* HOW TO COMPLETE THIS TASK: Starting with the line that has "Čínští zdravotníci začali" and finishing with the line that has "Наши солдаты наступают", set down each line below exactly. Pictures are not copied.

* ENTRIES SHOWN:

****************

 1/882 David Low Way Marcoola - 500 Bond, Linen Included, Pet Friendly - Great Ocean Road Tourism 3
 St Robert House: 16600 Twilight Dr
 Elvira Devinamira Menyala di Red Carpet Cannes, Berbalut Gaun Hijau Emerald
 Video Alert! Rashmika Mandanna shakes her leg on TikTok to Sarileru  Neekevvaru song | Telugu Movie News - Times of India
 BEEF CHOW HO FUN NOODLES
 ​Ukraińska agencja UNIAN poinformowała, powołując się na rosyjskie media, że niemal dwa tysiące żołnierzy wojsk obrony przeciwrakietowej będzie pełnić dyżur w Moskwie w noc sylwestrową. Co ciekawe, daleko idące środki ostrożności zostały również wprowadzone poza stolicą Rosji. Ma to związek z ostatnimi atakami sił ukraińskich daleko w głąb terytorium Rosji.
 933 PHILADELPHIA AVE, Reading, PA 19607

****************

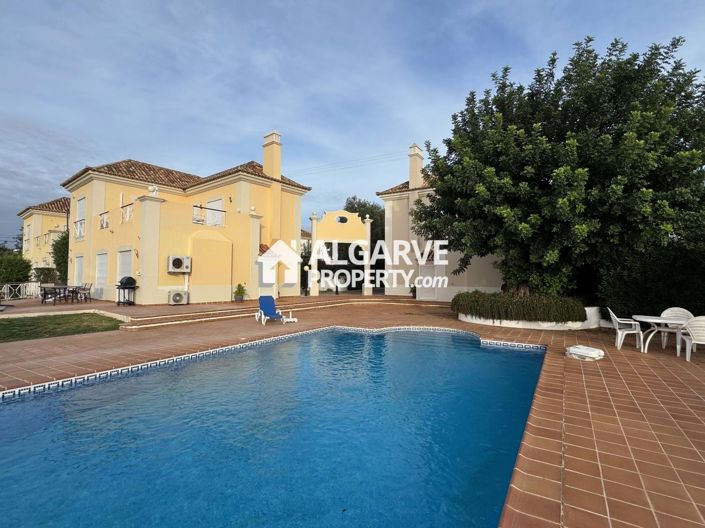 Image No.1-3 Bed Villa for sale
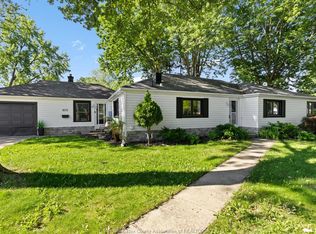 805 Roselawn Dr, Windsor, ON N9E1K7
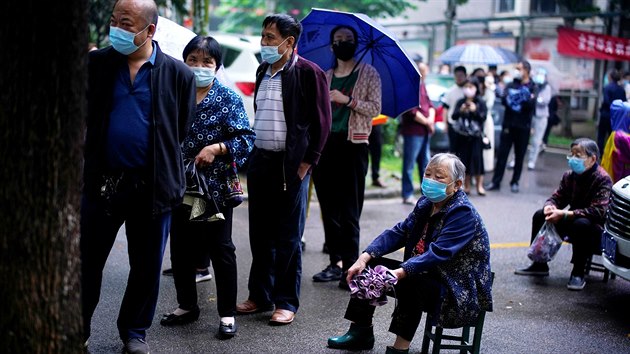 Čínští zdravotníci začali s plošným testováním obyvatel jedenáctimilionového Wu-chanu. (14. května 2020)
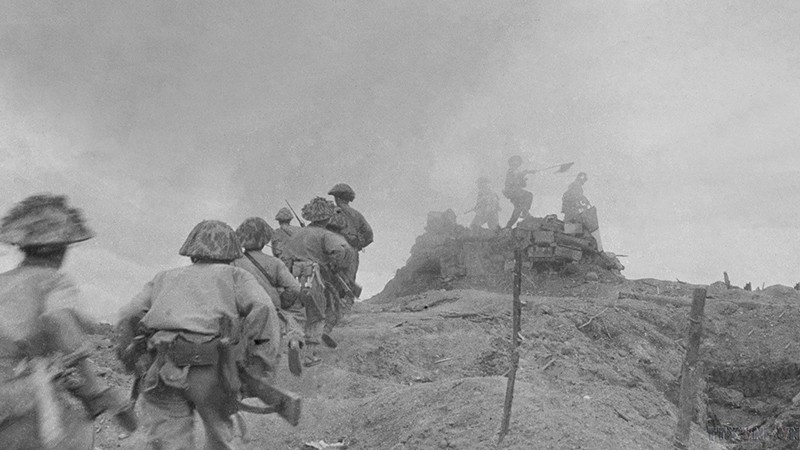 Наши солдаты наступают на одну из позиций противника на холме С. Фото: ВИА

****************

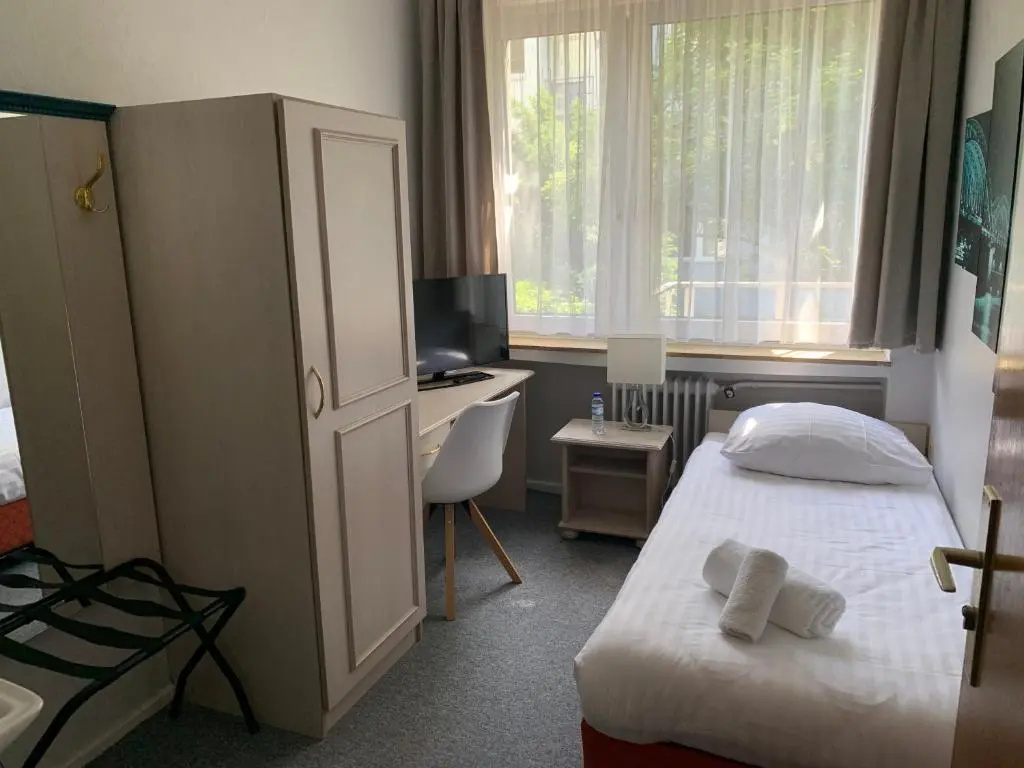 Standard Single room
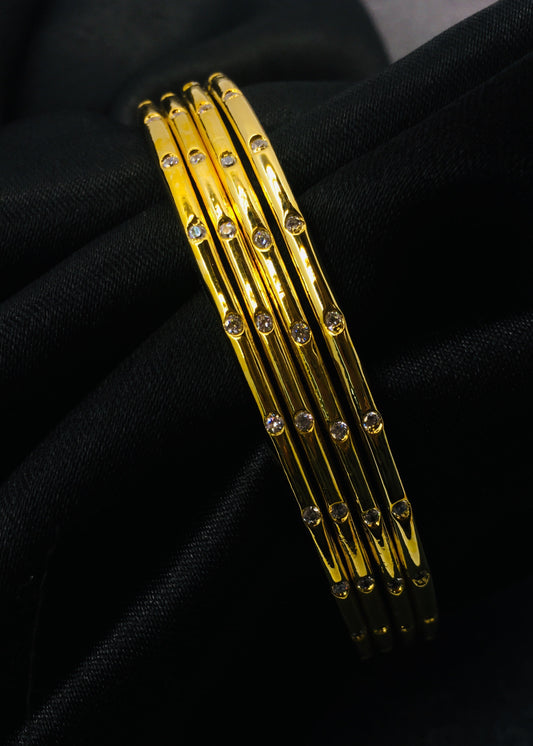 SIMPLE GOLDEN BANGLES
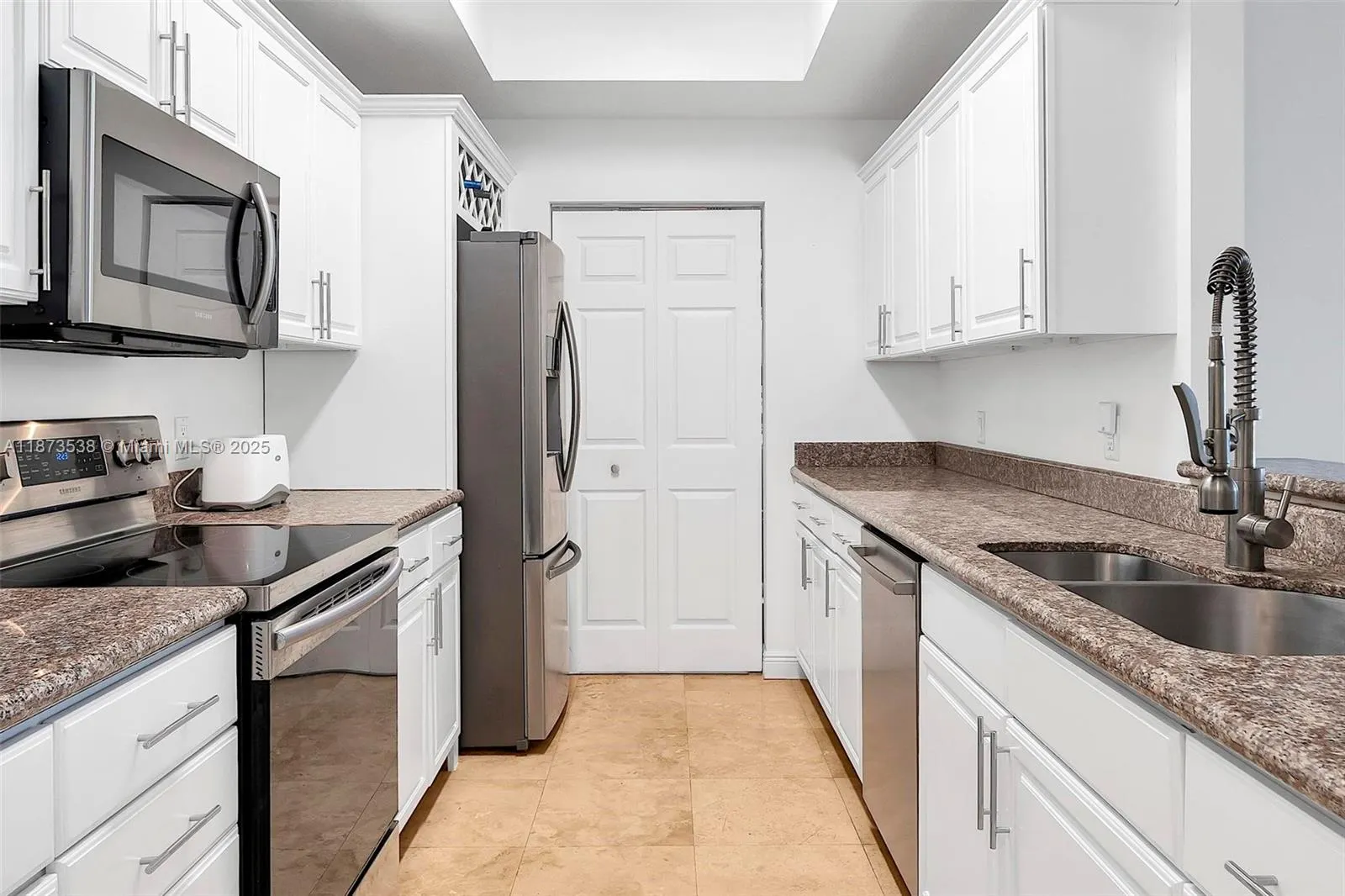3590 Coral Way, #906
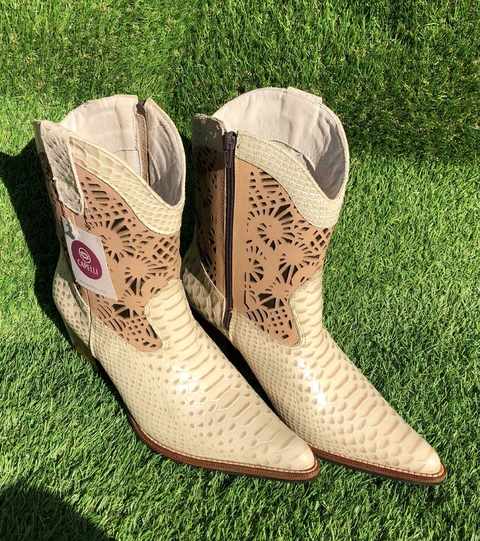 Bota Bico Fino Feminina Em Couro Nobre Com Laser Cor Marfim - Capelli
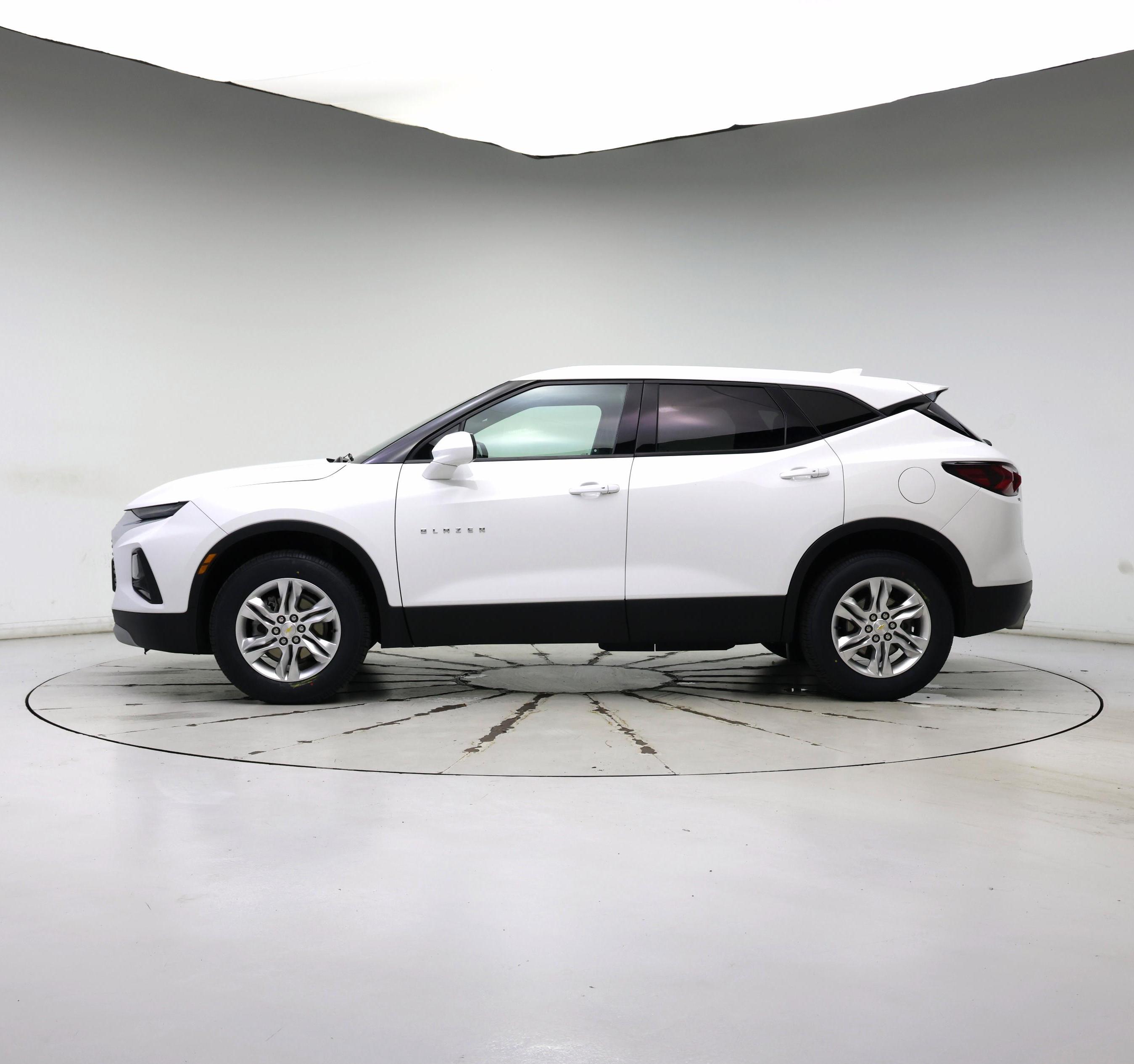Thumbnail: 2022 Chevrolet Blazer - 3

****************

* EXERCISE OUTPUT:
 Čínští zdravotníci začali s plošným testováním obyvatel jedenáctimilionového Wu-chanu. (14. května 2020)
 Наши солдаты наступают на одну из позиций противника на холме С. Фото: ВИА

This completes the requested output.